Calculate the predicted offset from the FOPDT model. In the solution, include a plot of the P-only controller response. Indicate the measured and calculated offset values graphically on the plot.

Solution

The predicted offset is calculated from the FOPDT model and P-only controller equation.

$$\tau_p \frac{dT'}{dt} = -T' + K_p \, Q'\left(t-\theta_p\right)$$

At steady-state the model becomes:

$$0 = -(T-23) + K_p \, Q'$$

The control output is:

$$Q' = K_c \left(60-T\right)$$

These two equations are combined to solve for `T`:

$$T=\frac{23+K_p\,K_c\,60}{1+K_p\,K_c}$$

and offset=`(60-T)`:

$$\mathrm{offset} = 60-T = 60 - \frac{23+K_p\,K_c\,60}{1+K_p\,K_c}$$

$$\mathrm{offset} = 60-T = 60 - \frac{23+0.9 \times 4.45 \times 60}{1+0.9 \times 4.45}$$

$$\mathrm{offset} = 60-T = 60 - 52.6 = 7.4^oC$$

The plot of the P-only controller response shows a similar offset (`9.1^oC`) to the calculated value (`7.4^oC`).

import numpy as np
import matplotlib.pyplot as plt
import tclab
import time

# -----------------------------
# Adjust controller gain (Kc)
#  from ITAE tuning correlation
# -----------------------------
Kc = 4.45

n = 600  # Number of second time points (10 min)
tm = np.linspace(0,n-1,n) # Time values
lab = tclab.TCLab()
T1 = np.zeros(n)
Q1 = np.zeros(n)
# step setpoint from 23.0 to 60.0 degC
SP1 = np.ones(n)*23.0
SP1[10:] = 60.0
Q1_bias = 0.0
for i in range(n):
    # record measurement
    T1[i] = lab.T1

    # --------------------------------------------------
    # fill-in P-only controller equation to change Q1[i]
    # --------------------------------------------------
    Q1[i] = Q1_bias + Kc * (SP1[i]-T1[i])
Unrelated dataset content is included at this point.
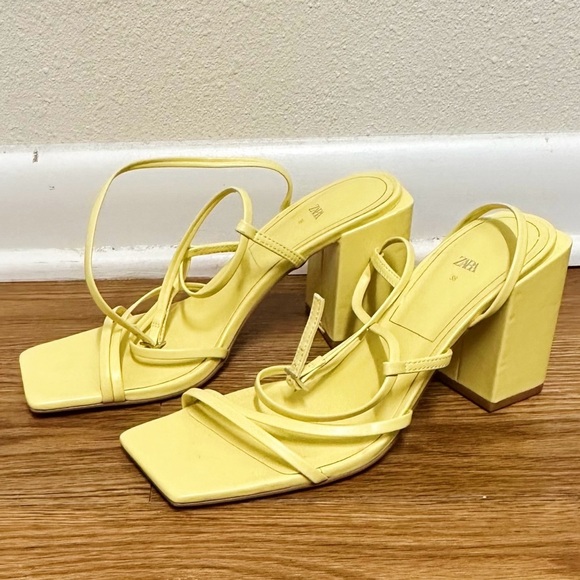 ZARA Block Heel Sandal - Picture 2 of 12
    # implement new heater value
    Q1[i] = max(0,min(100,Q1[i])) # clip to 0-100%
    lab.Q1(Q1[i])
    if i%20==0:
        print(' Heater,   Temp,  Setpoint')
    print(f'{Q1[i]:7.2f},{T1[i]:7.2f},{SP1[i]:7.2f}')
    # wait for 1 sec
    time.sleep(1)
lab.close()
# Save data file
data = np.vstack((tm,Q1,T1,SP1)).T
np.savetxt('P-only.csv',data,delimiter=',',\
           header='Time,Q1,T1,SP1',comments='')

# Create Figure
plt.figure(figsize=(10,7))
ax = plt.subplot(2,1,1)
ax.grid()
plt.plot(tm/60.0,SP1,'k-',label=r'$T_1$ SP')
plt.plot(tm/60.0,T1,'r.',label=r'$T_1$ PV')
plt.text(6.1,30,'Measured Offset: ' + str(np.round(SP1[-1]-T1[-1],2)))
offset = 60 - (23+0.9*Kc*60)/(1+0.9*Kc)
plt.text(6.1,26,'Calculated Offset: ' + str(np.round(offset,2)))
plt.text(6.1,22,r'$K_c$: ' + str(np.round(Kc,2)))  
plt.plot([tm[-1]/60.0,tm[-1]/60.0],[SP1[-1],T1[-1]],\
         'b-',lw=3,alpha=0.5)
plt.ylabel(r'Temp ($^oC$)')
plt.xlim([0,10])
plt.legend(loc=2)
ax = plt.subplot(2,1,2)
ax.grid()
plt.plot(tm/60.0,Q1,'b-',label=r'$Q_1$')
plt.ylabel(r'Heater (%)')
plt.xlabel('Time (min)')
plt.legend(loc=1)
plt.savefig('P-only_Control.png')
plt.show()